◆ The task ◆
Whenever a line below includes the word "avec", copy that line.
___ Material for this task
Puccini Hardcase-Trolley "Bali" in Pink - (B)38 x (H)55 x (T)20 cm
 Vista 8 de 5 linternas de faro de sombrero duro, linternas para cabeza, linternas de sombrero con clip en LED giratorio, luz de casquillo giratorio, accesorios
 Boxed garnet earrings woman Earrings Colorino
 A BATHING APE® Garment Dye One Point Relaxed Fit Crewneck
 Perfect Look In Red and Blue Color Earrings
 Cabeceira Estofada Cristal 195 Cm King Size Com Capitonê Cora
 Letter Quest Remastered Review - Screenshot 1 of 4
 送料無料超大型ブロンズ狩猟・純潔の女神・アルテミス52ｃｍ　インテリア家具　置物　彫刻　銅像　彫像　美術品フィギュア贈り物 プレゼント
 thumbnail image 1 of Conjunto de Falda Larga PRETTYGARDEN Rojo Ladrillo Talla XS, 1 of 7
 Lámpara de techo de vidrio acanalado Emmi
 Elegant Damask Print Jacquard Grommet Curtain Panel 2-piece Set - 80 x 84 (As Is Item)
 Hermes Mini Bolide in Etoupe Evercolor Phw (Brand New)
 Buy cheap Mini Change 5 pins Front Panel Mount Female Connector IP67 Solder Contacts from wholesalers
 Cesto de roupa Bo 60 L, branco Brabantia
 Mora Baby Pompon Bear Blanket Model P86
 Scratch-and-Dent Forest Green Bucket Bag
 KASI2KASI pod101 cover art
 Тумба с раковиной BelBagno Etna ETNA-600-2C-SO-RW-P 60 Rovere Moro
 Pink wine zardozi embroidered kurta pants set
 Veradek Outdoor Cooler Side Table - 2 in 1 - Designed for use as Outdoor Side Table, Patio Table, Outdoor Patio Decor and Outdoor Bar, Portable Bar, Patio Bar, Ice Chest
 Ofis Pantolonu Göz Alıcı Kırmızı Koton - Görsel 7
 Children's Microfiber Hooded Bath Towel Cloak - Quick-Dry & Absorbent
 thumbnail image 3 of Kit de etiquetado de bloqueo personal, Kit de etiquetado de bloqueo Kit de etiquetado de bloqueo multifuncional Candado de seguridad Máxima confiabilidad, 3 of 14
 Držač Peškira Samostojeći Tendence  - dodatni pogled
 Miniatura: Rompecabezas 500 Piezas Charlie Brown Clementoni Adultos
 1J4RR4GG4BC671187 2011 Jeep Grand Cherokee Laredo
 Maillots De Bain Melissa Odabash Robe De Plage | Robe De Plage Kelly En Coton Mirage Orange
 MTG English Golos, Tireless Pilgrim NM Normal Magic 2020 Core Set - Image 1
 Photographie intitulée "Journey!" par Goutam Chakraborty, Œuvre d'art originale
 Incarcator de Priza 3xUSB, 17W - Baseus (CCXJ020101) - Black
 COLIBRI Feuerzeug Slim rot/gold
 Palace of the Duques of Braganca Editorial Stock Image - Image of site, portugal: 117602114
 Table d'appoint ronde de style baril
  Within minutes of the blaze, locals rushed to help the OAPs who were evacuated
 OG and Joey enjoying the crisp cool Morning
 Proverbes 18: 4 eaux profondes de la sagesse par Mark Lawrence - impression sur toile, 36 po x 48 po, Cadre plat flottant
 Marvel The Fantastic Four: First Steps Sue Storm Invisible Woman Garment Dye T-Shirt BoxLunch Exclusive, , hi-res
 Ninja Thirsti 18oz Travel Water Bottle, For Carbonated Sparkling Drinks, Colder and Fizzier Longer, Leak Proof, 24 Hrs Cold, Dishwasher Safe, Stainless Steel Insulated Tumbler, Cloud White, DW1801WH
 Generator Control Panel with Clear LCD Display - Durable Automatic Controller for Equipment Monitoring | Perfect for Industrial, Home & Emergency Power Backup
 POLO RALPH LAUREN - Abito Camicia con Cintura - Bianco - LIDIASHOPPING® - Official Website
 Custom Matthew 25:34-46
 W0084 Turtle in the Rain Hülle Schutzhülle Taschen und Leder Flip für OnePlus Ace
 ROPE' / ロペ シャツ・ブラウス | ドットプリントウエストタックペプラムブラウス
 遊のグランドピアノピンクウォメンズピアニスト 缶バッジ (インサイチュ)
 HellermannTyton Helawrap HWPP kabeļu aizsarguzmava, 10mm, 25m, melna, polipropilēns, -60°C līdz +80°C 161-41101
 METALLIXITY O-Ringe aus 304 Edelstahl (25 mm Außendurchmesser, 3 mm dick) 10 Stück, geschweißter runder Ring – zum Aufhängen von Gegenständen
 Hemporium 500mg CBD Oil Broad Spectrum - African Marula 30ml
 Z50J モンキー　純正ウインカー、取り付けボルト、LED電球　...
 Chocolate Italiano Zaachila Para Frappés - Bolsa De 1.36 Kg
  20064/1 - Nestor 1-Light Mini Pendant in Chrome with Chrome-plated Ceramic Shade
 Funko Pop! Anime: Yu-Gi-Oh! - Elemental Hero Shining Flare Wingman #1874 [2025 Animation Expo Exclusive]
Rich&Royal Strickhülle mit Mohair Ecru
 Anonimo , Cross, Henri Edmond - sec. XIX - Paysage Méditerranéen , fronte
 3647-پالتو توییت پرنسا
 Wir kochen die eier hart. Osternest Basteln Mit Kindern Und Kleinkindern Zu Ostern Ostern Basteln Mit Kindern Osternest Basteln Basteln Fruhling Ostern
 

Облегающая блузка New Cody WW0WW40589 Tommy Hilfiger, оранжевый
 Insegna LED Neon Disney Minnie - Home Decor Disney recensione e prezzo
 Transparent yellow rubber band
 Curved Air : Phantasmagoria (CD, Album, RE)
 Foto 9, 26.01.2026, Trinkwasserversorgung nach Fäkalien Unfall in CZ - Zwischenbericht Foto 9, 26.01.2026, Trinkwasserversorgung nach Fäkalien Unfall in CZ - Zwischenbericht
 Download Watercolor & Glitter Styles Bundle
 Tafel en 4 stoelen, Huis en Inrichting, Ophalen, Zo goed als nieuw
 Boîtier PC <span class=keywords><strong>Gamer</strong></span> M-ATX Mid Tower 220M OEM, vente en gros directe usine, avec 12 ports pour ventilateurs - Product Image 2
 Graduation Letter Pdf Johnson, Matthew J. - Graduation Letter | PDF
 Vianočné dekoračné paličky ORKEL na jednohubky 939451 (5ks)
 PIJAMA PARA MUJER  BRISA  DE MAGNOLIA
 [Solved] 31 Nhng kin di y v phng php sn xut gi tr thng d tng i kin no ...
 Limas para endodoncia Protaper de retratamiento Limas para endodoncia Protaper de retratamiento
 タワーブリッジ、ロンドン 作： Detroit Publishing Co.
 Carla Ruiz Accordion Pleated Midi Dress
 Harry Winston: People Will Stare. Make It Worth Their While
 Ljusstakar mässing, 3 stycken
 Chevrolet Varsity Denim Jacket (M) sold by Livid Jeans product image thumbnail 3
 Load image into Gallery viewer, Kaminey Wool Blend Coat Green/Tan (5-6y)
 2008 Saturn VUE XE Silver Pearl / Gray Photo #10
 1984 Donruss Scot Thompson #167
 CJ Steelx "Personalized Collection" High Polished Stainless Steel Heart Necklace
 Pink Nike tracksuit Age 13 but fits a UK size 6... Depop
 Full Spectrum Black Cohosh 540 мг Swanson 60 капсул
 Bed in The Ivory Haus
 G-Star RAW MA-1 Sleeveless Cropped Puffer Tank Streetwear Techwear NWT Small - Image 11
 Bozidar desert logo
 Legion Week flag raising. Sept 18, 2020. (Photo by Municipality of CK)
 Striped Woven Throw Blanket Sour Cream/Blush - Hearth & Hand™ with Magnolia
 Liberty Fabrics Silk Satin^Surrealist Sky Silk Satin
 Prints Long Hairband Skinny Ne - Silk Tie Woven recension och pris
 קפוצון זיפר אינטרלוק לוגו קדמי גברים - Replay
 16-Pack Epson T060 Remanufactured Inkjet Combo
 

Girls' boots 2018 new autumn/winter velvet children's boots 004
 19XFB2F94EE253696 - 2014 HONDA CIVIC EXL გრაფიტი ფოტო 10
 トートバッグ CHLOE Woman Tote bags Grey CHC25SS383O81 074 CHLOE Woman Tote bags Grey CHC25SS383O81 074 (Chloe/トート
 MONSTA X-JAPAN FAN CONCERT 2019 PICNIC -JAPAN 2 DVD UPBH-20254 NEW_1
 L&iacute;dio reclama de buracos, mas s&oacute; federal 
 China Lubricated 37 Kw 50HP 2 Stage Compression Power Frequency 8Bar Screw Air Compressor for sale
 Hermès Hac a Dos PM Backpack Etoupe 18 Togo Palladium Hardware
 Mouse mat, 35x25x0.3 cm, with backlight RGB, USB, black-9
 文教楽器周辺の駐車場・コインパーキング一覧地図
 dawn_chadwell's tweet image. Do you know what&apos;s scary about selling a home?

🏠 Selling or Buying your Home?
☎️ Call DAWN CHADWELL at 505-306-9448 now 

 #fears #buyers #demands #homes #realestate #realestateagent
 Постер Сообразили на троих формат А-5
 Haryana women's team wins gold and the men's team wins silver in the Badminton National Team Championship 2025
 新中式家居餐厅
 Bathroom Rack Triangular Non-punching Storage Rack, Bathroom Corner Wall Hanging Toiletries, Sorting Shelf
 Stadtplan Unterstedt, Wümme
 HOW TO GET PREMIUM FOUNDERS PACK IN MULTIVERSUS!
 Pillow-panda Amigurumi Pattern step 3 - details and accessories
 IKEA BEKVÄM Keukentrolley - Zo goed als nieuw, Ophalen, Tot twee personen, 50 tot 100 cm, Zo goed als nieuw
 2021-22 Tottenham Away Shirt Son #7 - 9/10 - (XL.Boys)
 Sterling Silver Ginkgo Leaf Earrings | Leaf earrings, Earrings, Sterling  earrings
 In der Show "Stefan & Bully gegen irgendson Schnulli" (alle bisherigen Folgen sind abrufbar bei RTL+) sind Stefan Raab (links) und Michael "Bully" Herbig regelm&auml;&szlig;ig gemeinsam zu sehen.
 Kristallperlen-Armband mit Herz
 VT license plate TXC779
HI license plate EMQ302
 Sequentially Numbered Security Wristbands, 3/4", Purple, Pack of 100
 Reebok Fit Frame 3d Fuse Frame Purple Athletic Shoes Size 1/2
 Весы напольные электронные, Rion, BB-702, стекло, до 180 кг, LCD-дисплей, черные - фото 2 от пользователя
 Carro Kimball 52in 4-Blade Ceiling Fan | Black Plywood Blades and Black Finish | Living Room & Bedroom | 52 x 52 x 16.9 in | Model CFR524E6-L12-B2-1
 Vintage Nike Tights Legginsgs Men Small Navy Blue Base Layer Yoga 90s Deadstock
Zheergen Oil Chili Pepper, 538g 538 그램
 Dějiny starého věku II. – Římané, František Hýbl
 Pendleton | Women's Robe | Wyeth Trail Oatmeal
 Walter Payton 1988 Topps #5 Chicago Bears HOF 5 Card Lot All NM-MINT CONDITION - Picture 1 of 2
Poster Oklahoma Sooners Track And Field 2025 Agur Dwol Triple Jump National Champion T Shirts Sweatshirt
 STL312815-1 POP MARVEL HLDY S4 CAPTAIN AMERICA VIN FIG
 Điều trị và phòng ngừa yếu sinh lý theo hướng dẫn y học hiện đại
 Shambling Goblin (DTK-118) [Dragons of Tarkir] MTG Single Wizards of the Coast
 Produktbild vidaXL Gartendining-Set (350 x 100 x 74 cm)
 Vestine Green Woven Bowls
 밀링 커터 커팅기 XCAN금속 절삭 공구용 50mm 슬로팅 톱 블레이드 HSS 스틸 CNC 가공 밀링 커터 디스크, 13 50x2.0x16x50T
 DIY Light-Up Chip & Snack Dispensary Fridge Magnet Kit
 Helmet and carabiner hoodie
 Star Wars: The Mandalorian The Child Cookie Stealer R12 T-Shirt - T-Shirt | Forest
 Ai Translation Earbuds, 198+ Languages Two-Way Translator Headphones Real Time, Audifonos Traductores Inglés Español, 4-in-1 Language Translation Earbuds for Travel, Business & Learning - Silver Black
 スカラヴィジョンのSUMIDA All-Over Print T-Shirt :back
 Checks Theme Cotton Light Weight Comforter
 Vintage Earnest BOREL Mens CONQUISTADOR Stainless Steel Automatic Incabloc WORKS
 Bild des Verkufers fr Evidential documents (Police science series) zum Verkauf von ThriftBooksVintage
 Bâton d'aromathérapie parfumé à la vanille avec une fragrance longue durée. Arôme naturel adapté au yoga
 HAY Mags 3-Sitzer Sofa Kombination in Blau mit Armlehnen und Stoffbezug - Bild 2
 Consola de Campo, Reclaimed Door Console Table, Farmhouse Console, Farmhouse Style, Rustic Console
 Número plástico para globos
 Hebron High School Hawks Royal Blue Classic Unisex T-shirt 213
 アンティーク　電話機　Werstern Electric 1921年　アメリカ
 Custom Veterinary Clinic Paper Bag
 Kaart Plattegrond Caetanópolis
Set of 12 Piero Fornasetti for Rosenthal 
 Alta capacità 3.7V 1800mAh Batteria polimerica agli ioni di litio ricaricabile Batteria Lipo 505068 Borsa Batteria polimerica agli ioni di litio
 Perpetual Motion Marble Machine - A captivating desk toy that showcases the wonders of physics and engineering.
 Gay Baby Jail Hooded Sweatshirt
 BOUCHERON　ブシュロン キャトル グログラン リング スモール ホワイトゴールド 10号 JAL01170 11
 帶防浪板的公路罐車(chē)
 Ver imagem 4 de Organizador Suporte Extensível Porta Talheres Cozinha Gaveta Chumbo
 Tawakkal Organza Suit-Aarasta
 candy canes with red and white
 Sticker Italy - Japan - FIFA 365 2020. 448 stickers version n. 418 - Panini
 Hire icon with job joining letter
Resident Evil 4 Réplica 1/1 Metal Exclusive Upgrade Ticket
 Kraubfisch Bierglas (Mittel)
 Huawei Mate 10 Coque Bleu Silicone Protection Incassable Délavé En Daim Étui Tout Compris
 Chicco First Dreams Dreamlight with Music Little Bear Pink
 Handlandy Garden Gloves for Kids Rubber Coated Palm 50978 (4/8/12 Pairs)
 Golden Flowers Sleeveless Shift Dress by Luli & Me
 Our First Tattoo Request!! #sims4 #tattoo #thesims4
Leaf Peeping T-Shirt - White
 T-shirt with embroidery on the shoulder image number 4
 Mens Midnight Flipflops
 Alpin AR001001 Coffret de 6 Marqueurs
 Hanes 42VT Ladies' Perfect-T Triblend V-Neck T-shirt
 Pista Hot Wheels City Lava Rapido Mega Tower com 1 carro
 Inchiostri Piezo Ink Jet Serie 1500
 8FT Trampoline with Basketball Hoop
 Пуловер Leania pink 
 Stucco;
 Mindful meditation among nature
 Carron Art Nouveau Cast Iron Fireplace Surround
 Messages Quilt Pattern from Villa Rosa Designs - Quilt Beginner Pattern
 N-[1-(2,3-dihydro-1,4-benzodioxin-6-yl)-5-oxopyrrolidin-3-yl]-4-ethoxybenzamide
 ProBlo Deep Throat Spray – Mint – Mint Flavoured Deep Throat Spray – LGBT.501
______
◆ Solved exercise ◆
 Boîtier PC <span class=keywords><strong>Gamer</strong></span> M-ATX Mid Tower 220M OEM, vente en gros directe usine, avec 12 ports pour ventilateurs - Product Image 2
 Bâton d'aromathérapie parfumé à la vanille avec une fragrance longue durée. Arôme naturel adapté au yoga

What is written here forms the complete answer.